The New York Times ran an interesting op-ed yesterday from Tom Loveless and Michael Petrilli called "Smart Child Left Behind." It made the point that many Gifted Exchange readers have made in recent years: that No Child Left Behind is a wash at best for top achieving kids. This has the advantage (if you wish to look at it that way) of narrowing the achievement gap, though it's not clear that should be our top national educational goal.
What makes it more timely is that apparently the Center on Education Policy released a study finding that more students were making it to the "advanced" level on state NCLB tests (from the proficient level), thus indicating that top students were doing great too. But Loveless and Petrilli claim that these are simply small incremental gains, and that other tests (like the NAEP) don't show much upward movement. And, of course, we've pointed out here on Gifted Exchange that on international comparisons, the top 10% of US students would be considered middle-of-the-pack in countries such as Finland and South Korea. NCLB has not changed that.

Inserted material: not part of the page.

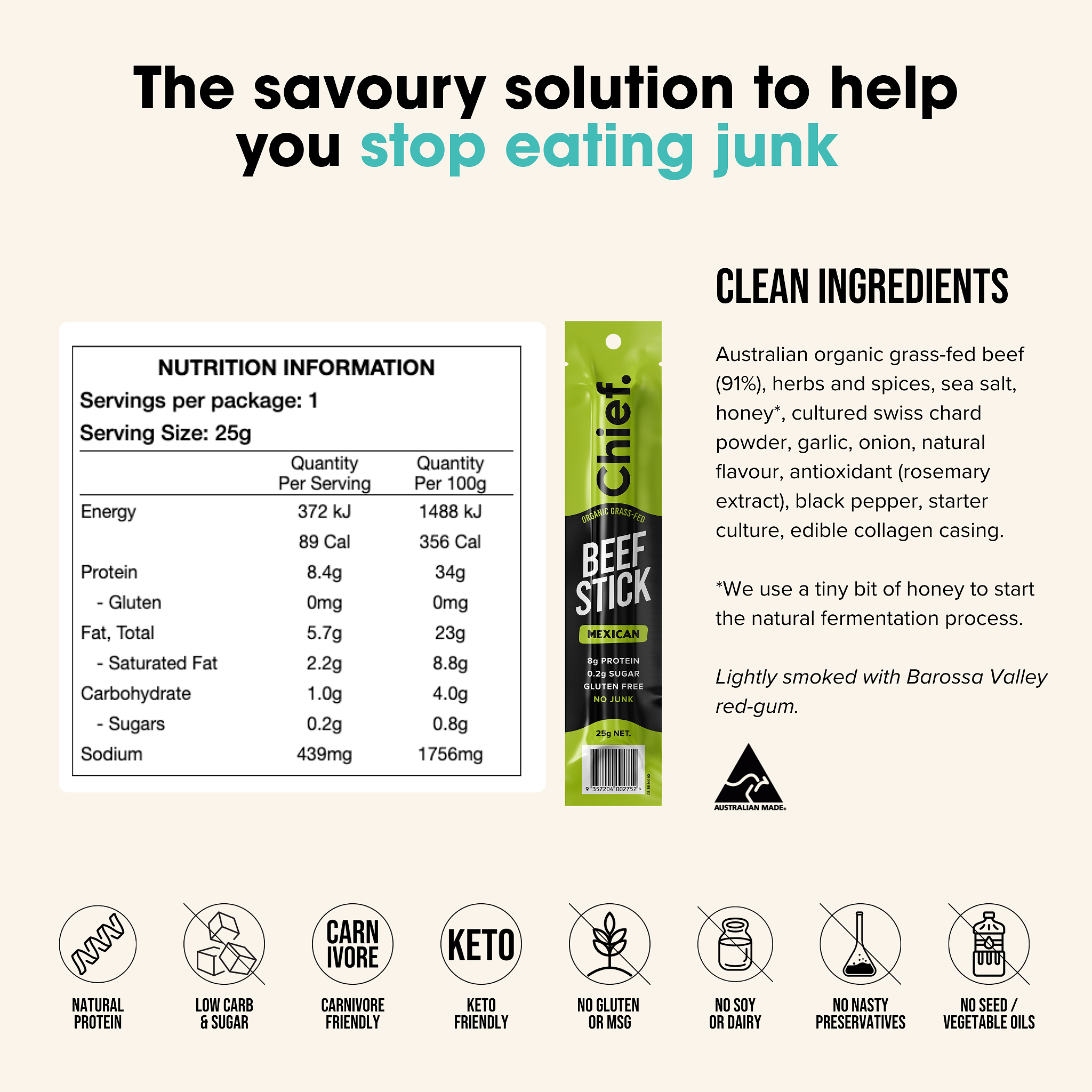 Organic Beef Sticks - Mexican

As I've written before, I think the aims of No Child Left Behind are good. There needs to be accountability in schools, and the law is an improvement on having no accountability. What we need now is to stop using all these state tests -- some of which seem to declare you proficient if you can write your name -- and instead create a common, benchmarked national one, or use one that already exists for international comparisons. Our goal should not only be to raise achievement among kids most at risk of being left behind, but to have the top 10% of American students be the top 10% in the world. We are no where near that now, NCLB or no.